According to all the ridiculous hype surrounding Dec. 21, 2012, the Mayans "predicted" the end of the world with one of their calendars. On this date, doomsayers assert that Earth will be ravaged by a smorgasbord of cataclysmic astronomical events -- everything from a Planet X flyby to a "killer" solar flare to a geomagnetic reversal, ensuring we have a very, very bad day. As we all know by now, these theories of doom are bunkum.
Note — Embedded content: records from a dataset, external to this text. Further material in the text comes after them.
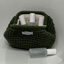 An olive green textured hand woven cosmetic pouch with a white fabric lining, containing several white and frosted bottles, with one matching bottle placed in front on a white surface. A white label on the front of the pouch reads 'VIBES*GRACE'.

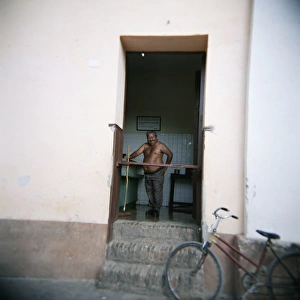 Mature Adult Prints: Man with no shirt on in shop, Trinidad, Cuba, West Indies, Central America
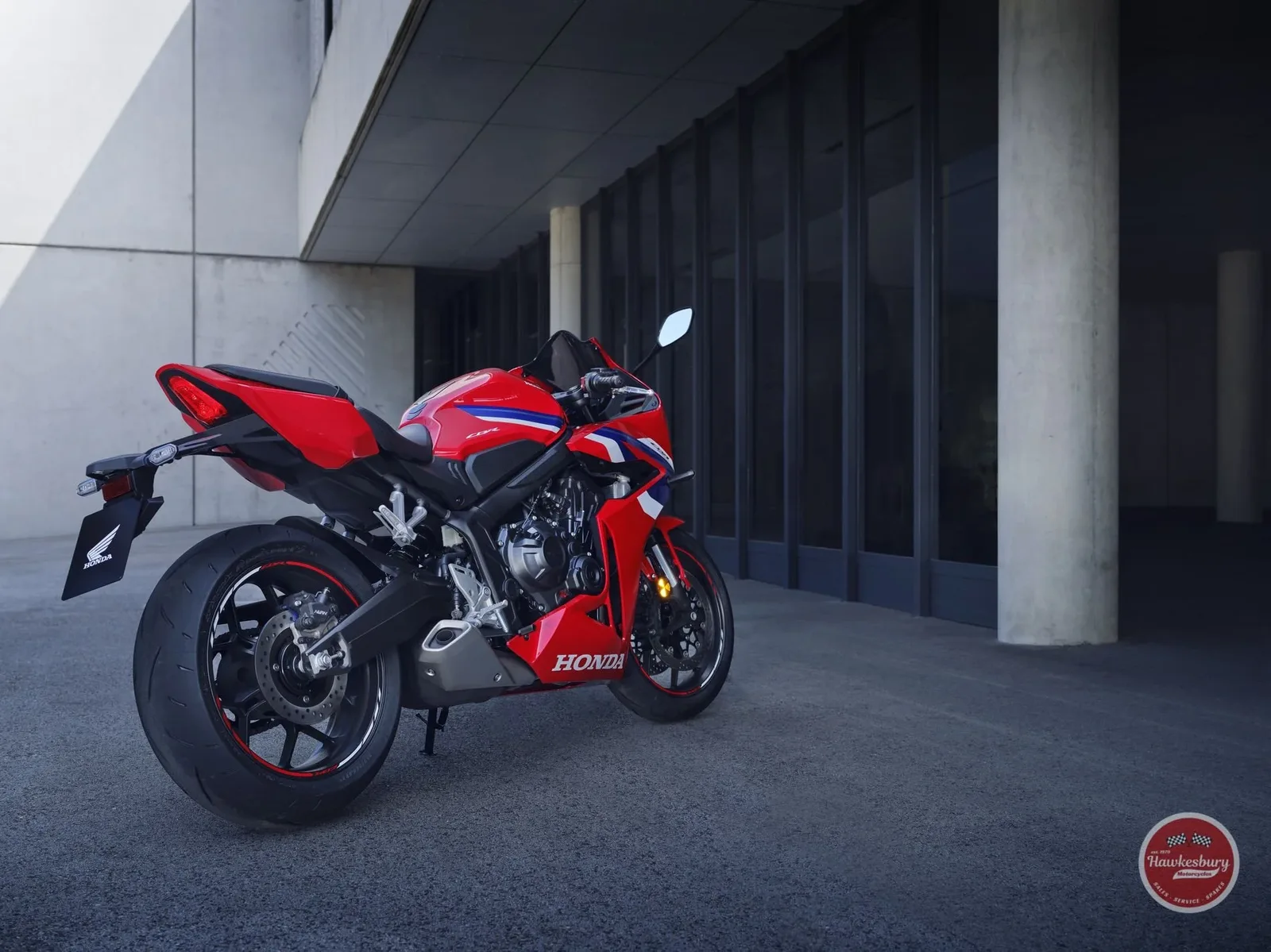 Honda CBR650R in Grand Prix Red, now covered by a 6-year manufacturer-backed warranty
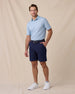 Del Mar Stripe Polo in Mint Tea, full-body lifestyle view on model styled with navy shorts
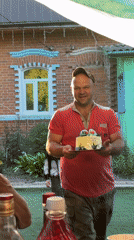 Family celebration with decorated cake held in Rozhdestveno, Russia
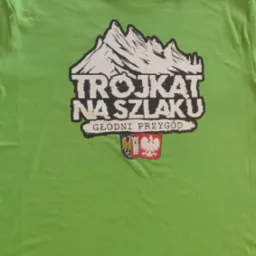 Zielona koszulka z nadrukiem gór, napisu 'Trójkąt na szlaku' i herbów. Widoczna metka Malfini. Koszulka leży na płaskiej powierzchni.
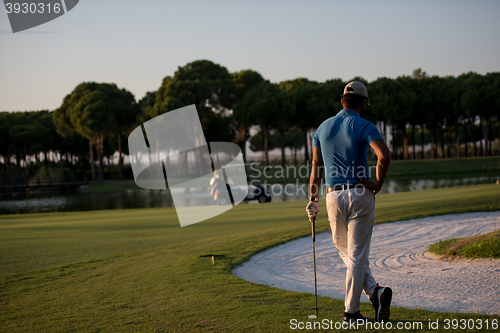 Image of golfer from back at course looking to hole in distance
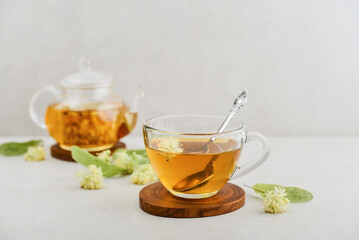 Glass cup of linden tea with glass teapot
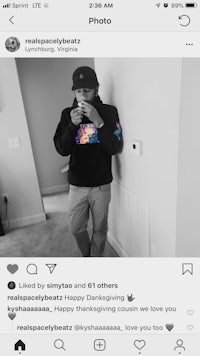 a man is taking a selfie in a hoodie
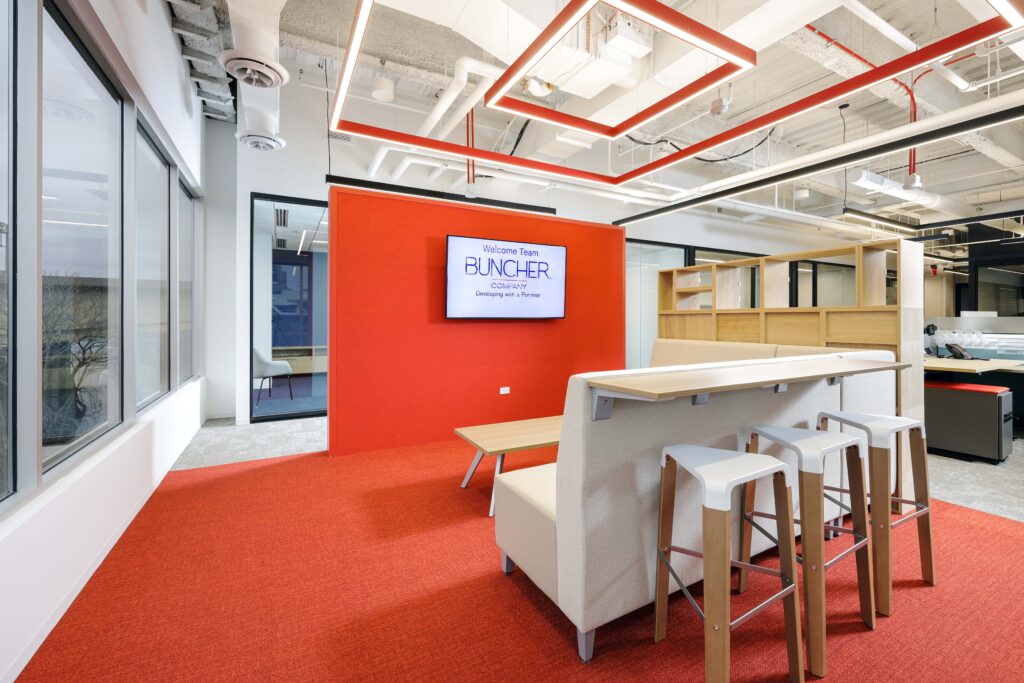 A modern office lounge with a bright red wall, featuring a TV screen displaying “Welcome Team BUNCHER COMPANY,” a high-top table with stools, and orange carpeting.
And now, according to a recent study by an associate professor at UC Santa Barbara, this fundamental "end date" may also be inaccurate. It could be at least 60 days out of whack.
Correlating Calendars
A huge issue when studying ancient calendars comes when trying to correlate their time frames with our modern (Gregorian) calendar. After all, for archaeologists to work out when a big event is documented in the Mayan calendar (such as a war, famine or religious celebration), it needs to be translated into "our" years, months and days.
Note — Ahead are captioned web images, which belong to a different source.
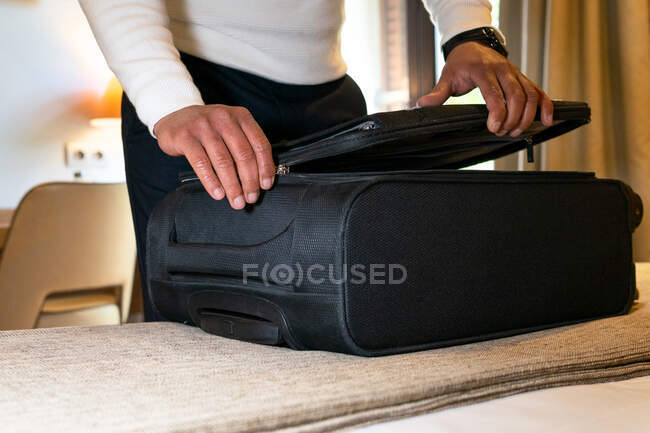 Crop anonimo viaggiatore maschio bagagli apertura posto sul letto in camera d'albergo durante il viaggio — Foto stock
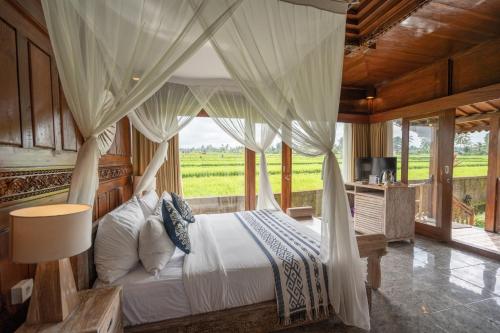a bedroom with a bed with a canopy and a window at Uma Sebatu Villa in Tegalalang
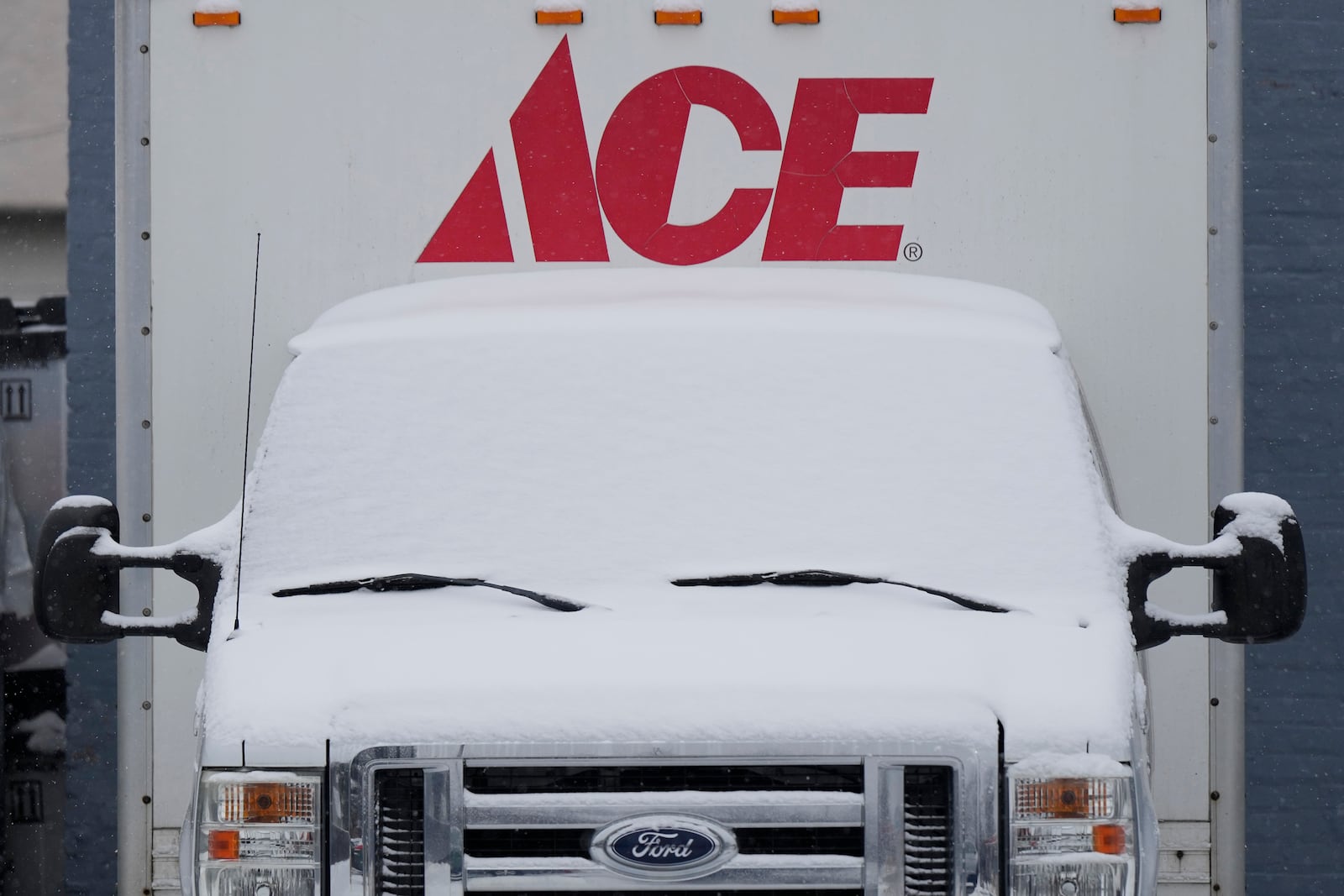 Snow covered a delivery truck in a parking lot of a hardware store during a snowy day in Glenview, Ill., Friday, Jan. 10, 2025. (AP Photo/Nam Y. Huh)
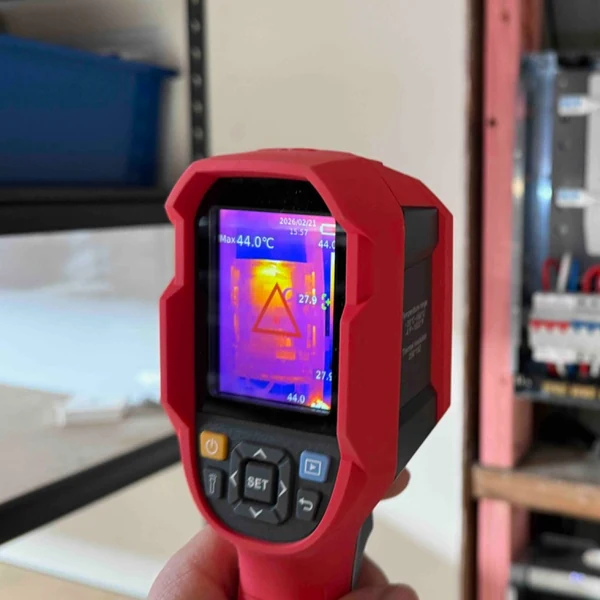 A thermal imaging camera showing a 44 degree hot spot in front of an open switchboard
As the Gregorian calendar began 2010 years ago, we have a standard time line for over two millennia of historical events. But to understand the events documented by the fallen culture, Mayan scholars needed to find significant events common in both the Gregorian and Long Count calendars so they can "correlate."
To do this, most Mayan scholars use a well-respected correlation factor called the "GMT constant." GMT stands for the initials of the last names of the archaeologists who calculated the constant: Joseph Goodman, Juan Martinez-Hernandez and J. Eric S. Thompson.
But Gerardo Aldana of UC Santa Barbara is now questioning the validity of this correlation factor due to a possible misidentification of ancient astronomical events in a new book called "Calendars and Years II: Astronomy and Time in the Ancient and Medieval World."
The Maya were highly skilled astronomers who kept meticulous records of the night sky. They documented the phases of the moon, recorded eclipses and even tracked the movement of Venus. In fact, the Venus cycle was an important calendar for the Maya. Their records enabled them to predict future astronomical cycles with great accuracy.
So how do they correlate dates when they are not sure of the references we can track? There are more reasons on that site as to why 2012 is off...
Venus or a Meteor?
Although GMT uses several sources of astronomical, archaeological and historical evidence to correlate the Long Count with our modern calendar, Aldana has cast doubt on the accuracy of some of the astronomical evidence interpreted from ancient Mayan artifacts and colonial texts.
One of the key events described by Aldana is a battle date as set by the ruler of Dos Pilas (a Maya site in the current geographical location of Guatemala). Ruler Balaj Chan K’awiil chose this date by the appearance of Chak Ek'. According to Johan Normark, researcher at the Department of Archaeology and Classical Studies at Stockholm University, Chak Ek' "used to be believed to be Venus but in another study Aldana believes it is a [meteor]."